WHAT IS BEING ASKED |
Return all of the entries exactly as written.

··········

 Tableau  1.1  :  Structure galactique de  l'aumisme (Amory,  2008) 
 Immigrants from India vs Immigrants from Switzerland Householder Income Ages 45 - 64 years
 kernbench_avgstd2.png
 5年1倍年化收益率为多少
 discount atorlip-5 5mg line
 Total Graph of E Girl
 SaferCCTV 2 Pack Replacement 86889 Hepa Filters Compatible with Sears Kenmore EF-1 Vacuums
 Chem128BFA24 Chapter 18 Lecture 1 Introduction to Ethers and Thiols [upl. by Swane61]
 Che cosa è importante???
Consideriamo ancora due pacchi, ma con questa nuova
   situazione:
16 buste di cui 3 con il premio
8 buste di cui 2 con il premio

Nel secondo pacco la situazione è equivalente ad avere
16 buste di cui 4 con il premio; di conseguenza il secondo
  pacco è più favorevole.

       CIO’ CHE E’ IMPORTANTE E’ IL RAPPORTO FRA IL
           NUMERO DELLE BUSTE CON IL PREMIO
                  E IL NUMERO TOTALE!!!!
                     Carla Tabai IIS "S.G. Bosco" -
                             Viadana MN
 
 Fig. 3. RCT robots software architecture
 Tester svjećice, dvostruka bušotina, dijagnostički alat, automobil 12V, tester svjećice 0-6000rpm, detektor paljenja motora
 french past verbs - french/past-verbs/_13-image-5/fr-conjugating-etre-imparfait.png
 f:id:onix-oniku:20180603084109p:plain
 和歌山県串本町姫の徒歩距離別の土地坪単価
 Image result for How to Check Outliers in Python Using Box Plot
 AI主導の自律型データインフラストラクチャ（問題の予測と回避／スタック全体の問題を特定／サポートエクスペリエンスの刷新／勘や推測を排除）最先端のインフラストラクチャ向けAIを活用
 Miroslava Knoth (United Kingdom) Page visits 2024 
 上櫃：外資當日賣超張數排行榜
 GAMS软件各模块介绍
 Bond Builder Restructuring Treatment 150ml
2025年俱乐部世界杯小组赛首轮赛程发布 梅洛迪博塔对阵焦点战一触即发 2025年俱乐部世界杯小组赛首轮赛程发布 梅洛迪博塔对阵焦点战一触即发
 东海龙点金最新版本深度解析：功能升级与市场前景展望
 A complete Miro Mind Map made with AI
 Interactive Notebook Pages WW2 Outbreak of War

··········

ANSWER SPACE |
 Tableau  1.1  :  Structure galactique de  l'aumisme (Amory,  2008) 
 Immigrants from India vs Immigrants from Switzerland Householder Income Ages 45 - 64 years
 kernbench_avgstd2.png
 5年1倍年化收益率为多少
 discount atorlip-5 5mg line
 Total Graph of E Girl
 SaferCCTV 2 Pack Replacement 86889 Hepa Filters Compatible with Sears Kenmore EF-1 Vacuums
 Chem128BFA24 Chapter 18 Lecture 1 Introduction to Ethers and Thiols [upl. by Swane61]
 Che cosa è importante???
Consideriamo ancora due pacchi, ma con questa nuova
   situazione:
16 buste di cui 3 con il premio
8 buste di cui 2 con il premio

Nel secondo pacco la situazione è equivalente ad avere
16 buste di cui 4 con il premio; di conseguenza il secondo
  pacco è più favorevole.

       CIO’ CHE E’ IMPORTANTE E’ IL RAPPORTO FRA IL
           NUMERO DELLE BUSTE CON IL PREMIO
                  E IL NUMERO TOTALE!!!!
                     Carla Tabai IIS "S.G. Bosco" -
                             Viadana MN
 
 Fig. 3. RCT robots software architecture
 Tester svjećice, dvostruka bušotina, dijagnostički alat, automobil 12V, tester svjećice 0-6000rpm, detektor paljenja motora
 french past verbs - french/past-verbs/_13-image-5/fr-conjugating-etre-imparfait.png
 f:id:onix-oniku:20180603084109p:plain
 和歌山県串本町姫の徒歩距離別の土地坪単価
 Image result for How to Check Outliers in Python Using Box Plot
 AI主導の自律型データインフラストラクチャ（問題の予測と回避／スタック全体の問題を特定／サポートエクスペリエンスの刷新／勘や推測を排除）最先端のインフラストラクチャ向けAIを活用
 Miroslava Knoth (United Kingdom) Page visits 2024 
 上櫃：外資當日賣超張數排行榜
 GAMS软件各模块介绍
 Bond Builder Restructuring Treatment 150ml
2025年俱乐部世界杯小组赛首轮赛程发布 梅洛迪博塔对阵焦点战一触即发 2025年俱乐部世界杯小组赛首轮赛程发布 梅洛迪博塔对阵焦点战一触即发
 东海龙点金最新版本深度解析：功能升级与市场前景展望
 A complete Miro Mind Map made with AI
 Interactive Notebook Pages WW2 Outbreak of War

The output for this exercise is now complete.